Try this one, its dark, errie, and might be what your looking for...

4shared, Online file sharing and storage


----------



## hedg12 (Jun 22, 2008)

Do you know the password required to download the file?


----------



## ruggerz (Nov 3, 2008)

hedg12 said:


> Do you know the password required to download the file?


Here

password: hauntforum 

ruggerz


----------



## hedg12 (Jun 22, 2008)

Thanks! I really appreciate the response.


----------



## Front Yard Fright (Jul 7, 2008)

What about the actual soundtrack from the NBC movie? I have it and there are a few tracks of just the music.
.


----------



## hedg12 (Jun 22, 2008)

Cool- don't know why I never thought of that.

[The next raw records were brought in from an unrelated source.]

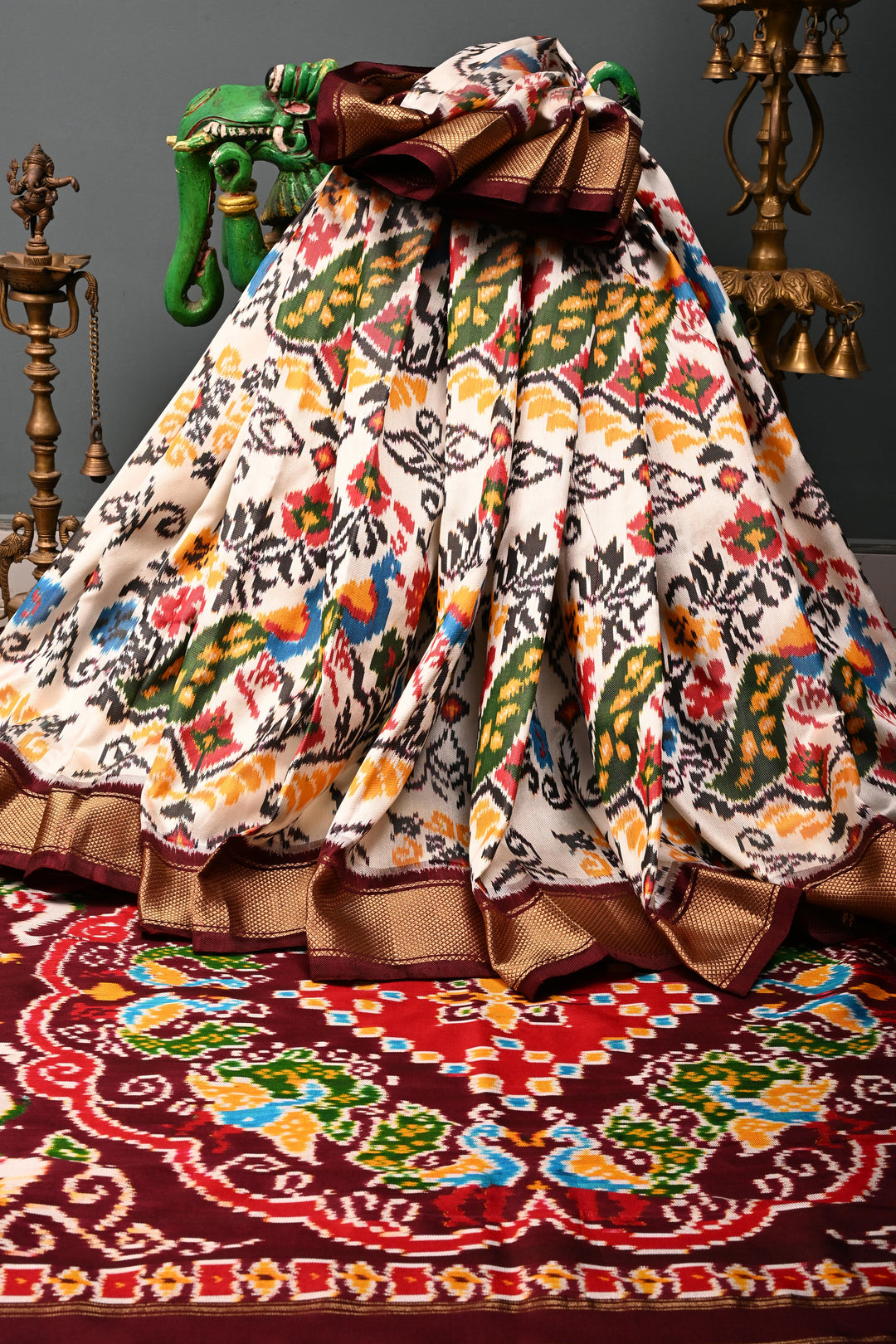 OffWhite Pure Ikkat Handwoven Pure Silk Saree With Contrast Brown Zari Border | SILK MARK CERTIFIED | SHOBITAM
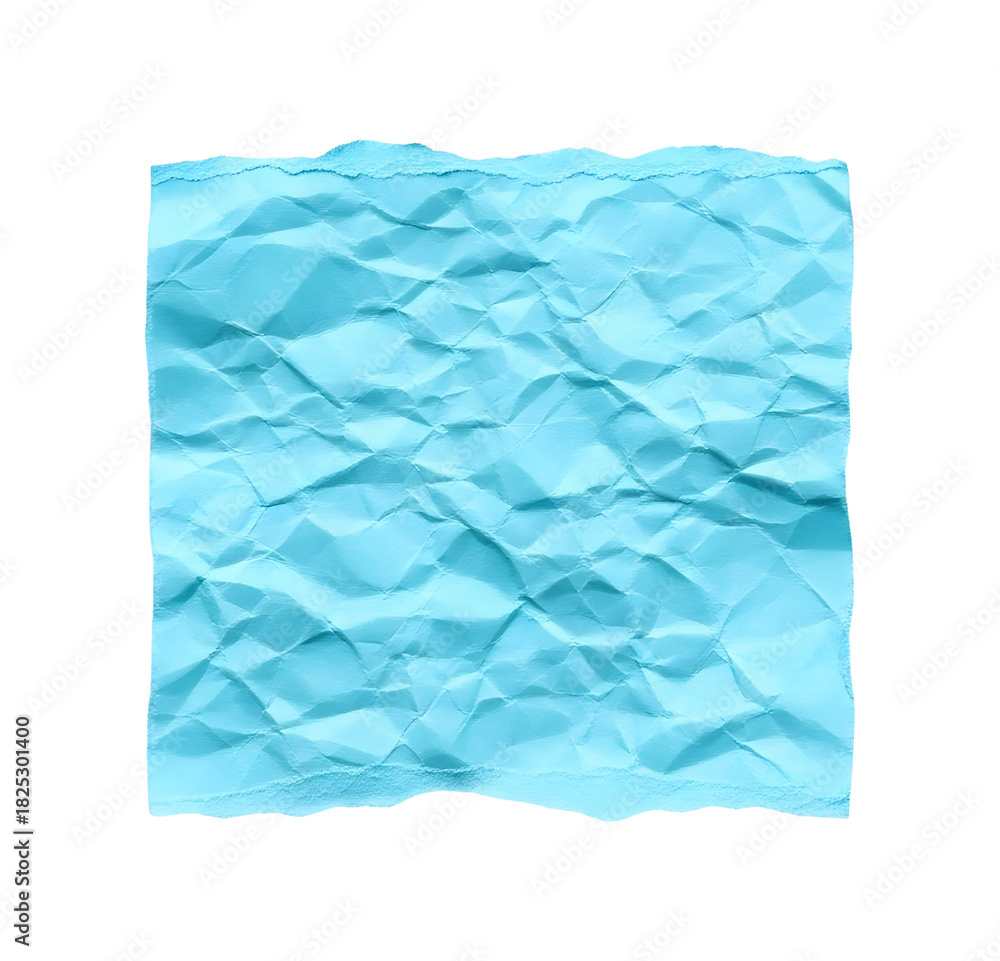 Obraz premium Crumpled square light blue paper texture abstract background for notes and design elements isolated PNG with Transparent Background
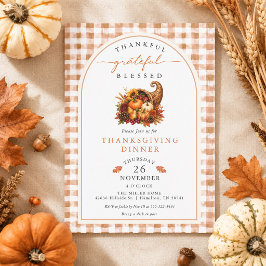 Herfst Aquarel Hoorn Desovervloed Gingham Thanksgi Kaart
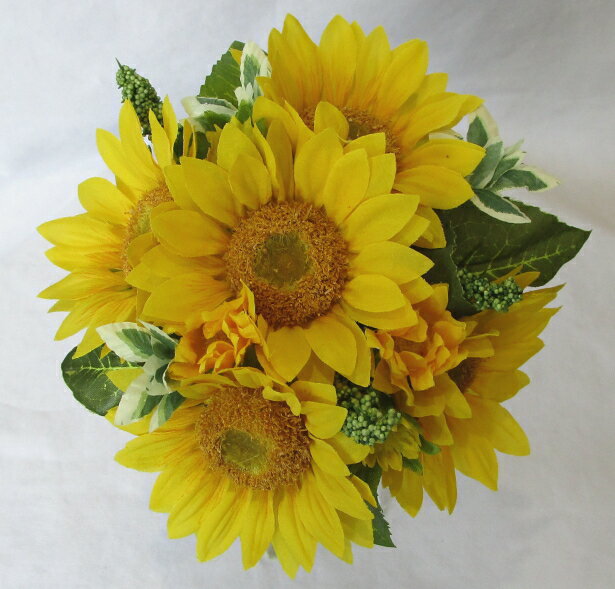 ウエディングブーケ/ブライダルブーケ/トス用 ヒマワリブーケ あす楽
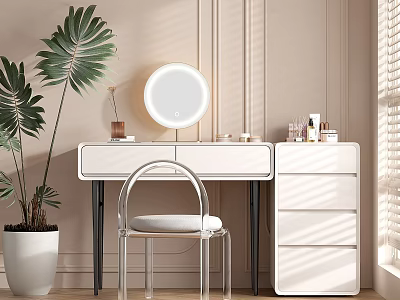 Modern Dressing Table Interior With Round Mirror Storage Drawers Cosmetics And Green Plant 3d model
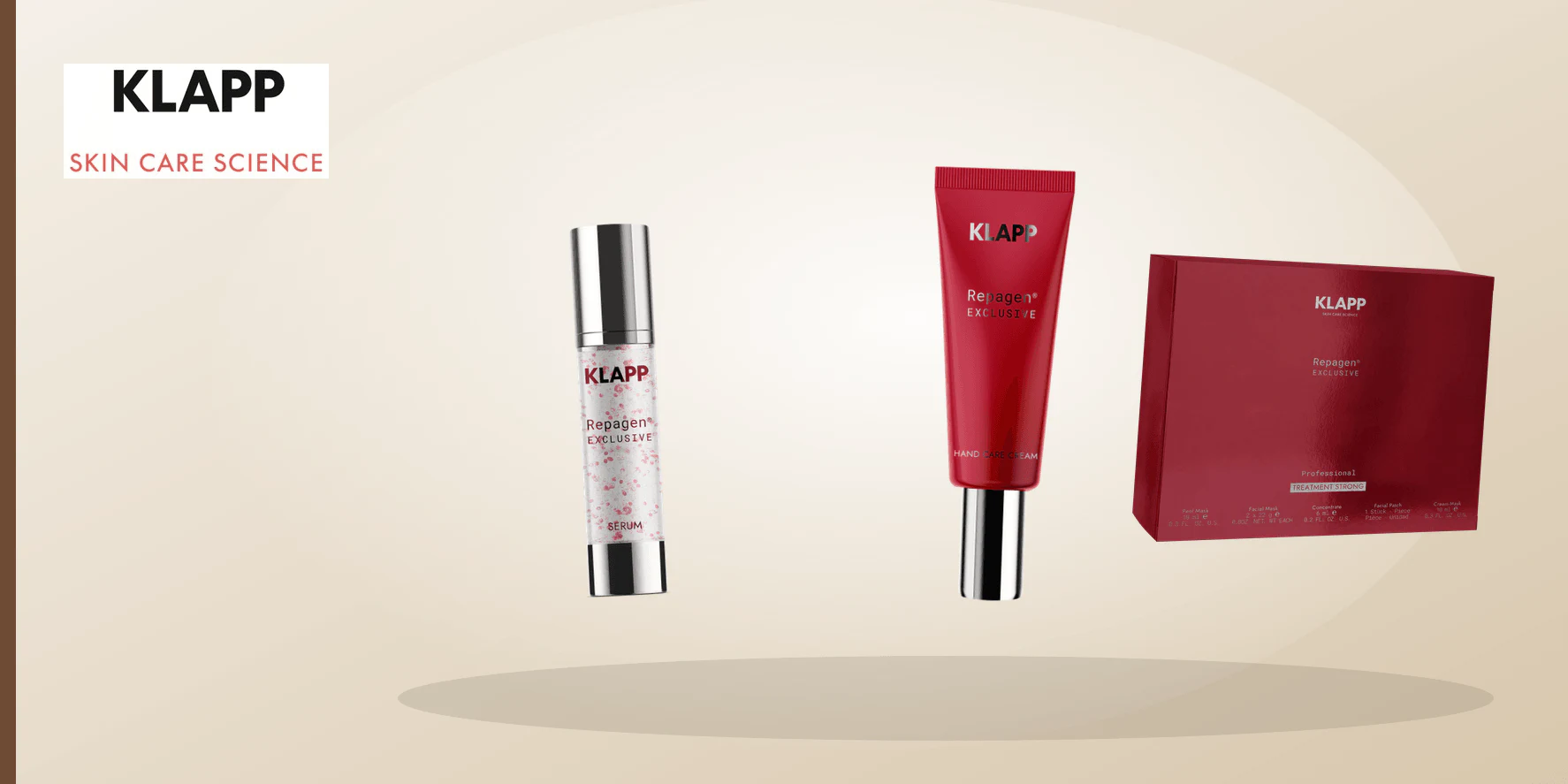 Unbranded skincare essentials arranged on a warm stone vanity for a mature-skin routine.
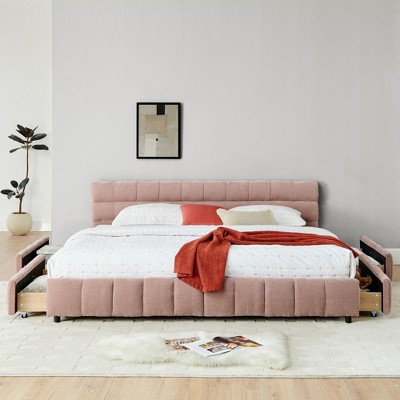 King Size Chenille Grounded Beds Frame with 4 Storage Drawers, Upholstered Floor Bed with Headboard and Solid Frame, No Box Spring Needed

Thanks!


----------



## Dark lord (Jan 8, 2007)

meltdown211 said:


> Try this one, its dark, errie, and might be what your looking for...
> 
> 4shared, Online file sharing and storage


This is meltdown211's site..... you have to forgive him,he goes on cheese wheel binges & has terrible hang overs & forgets a few things like the password.....LOL..... 
M e l t y . . . . . stay away from the cheese fondue............


----------



## meltdown211 (Sep 27, 2006)

Damnit DL..you know im partially retarted!! I count on you people to help me with this stuff! I think I over did it with the "spray cheese" this time...Thanks for the back up on this one!!

Now I need to go find som new cheese adventures....ummmmm cheeeeeese...


----------